Everything You Thought We’d Forgotten by Jason E. Lewis--at Oboro--collects together a series of text-based interactive works that explore the border lands between conflicting cultural identities, memory and history, and the visual and the textual. Common to all these works is a formal concern with how kinetics and interactivity can be used to expand how digital texts can be written, read and performed. The exhibition includes What They Speak When They Speak to Me, an interactive poem about mistaken identity that is read by tracing a fingertip through a mass of writhing letters; I Know What You’re Thinking, a program that reminds you of forgotten conversations by dredging your hard drive for the textual flotsam found in emails, instant messages and documents; Nine, a dynamic poem examining lives that could have been—but were not—lived; TextOrgan, a series of poems read by spraying them on the wall like grafitti; Intralocutor, an interactive installation about the connection between what you say and how you say it; and the mobile messaging work Cityspeak, which enables mobile device users to “talk back” to large-scale public displays.

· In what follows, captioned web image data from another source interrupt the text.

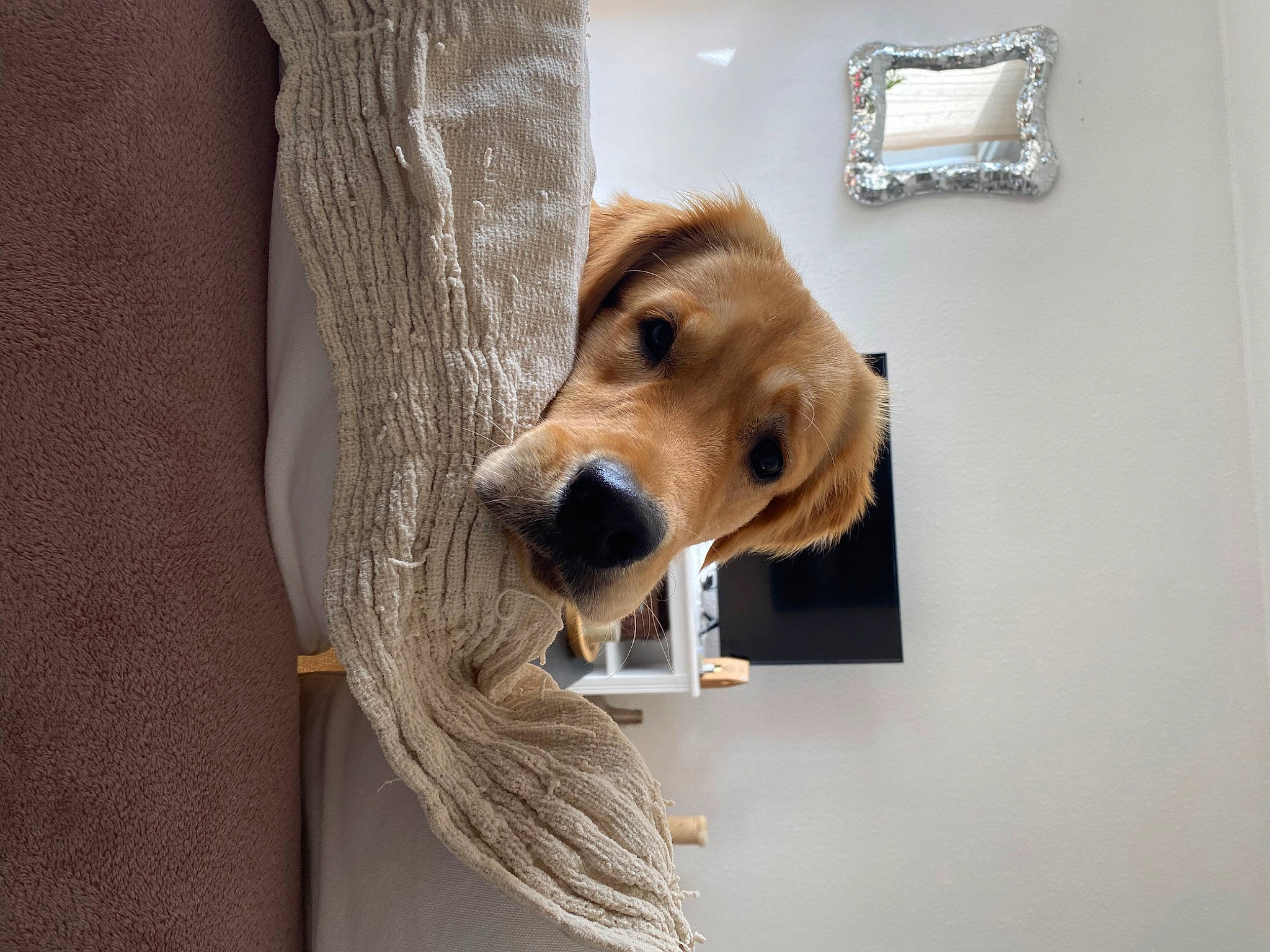 Marley a rejoint le concours — aidez-le/la à gagner de superbes lots ! art, canidae, carnivore, companion_dog, curtain, dog, dog_breed, dog_supply, fur, hardwood, liver, pet_supply, room, sporting_group, wood, working_animal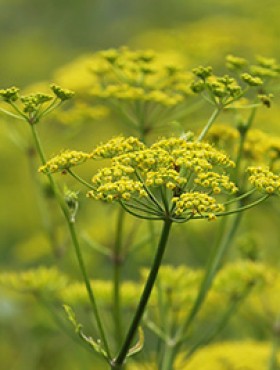 Pastinaca sativa bloeiend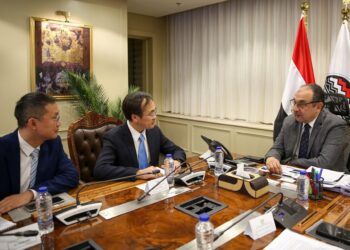 وزير قطاع الأعمال العام يستقبل وفدًا رفيع المستوى من مجموعة شاندونج الصينية لبحث فرص التعاون في صناعة المركبات الكهربائية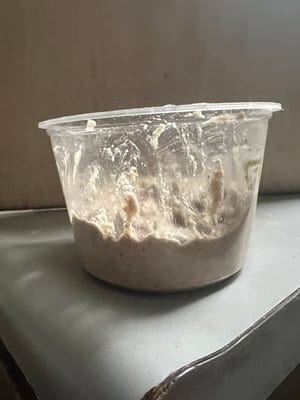 Levain just mixed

Jason E. Lewis is a poet, digital media artist and software designer. His practice revolves around experiments in visual language, text and typography, with a core interest in how the deep structure of digital media can be used to create innovative forms of expression. His creative work has been featured at the Ars Electronica Centre, ISEA, SIGGRAPH, Urban Screens and Mobilefest, among other venues, and his writing about new media has been presented at conferences, festivals and exhibitions in Berlin, São Paulo, London, Thessaloniki and Los Angeles. His work has been supported by the Canada Council for the Arts, the English Arts Council, Hexagram and Heritage Canada. He is currently an Assistant Professor of Computation Arts at Concordia University where he founded and directs Obx Laboratory for Experimental Media. Please see www.obxlabs.net for more information.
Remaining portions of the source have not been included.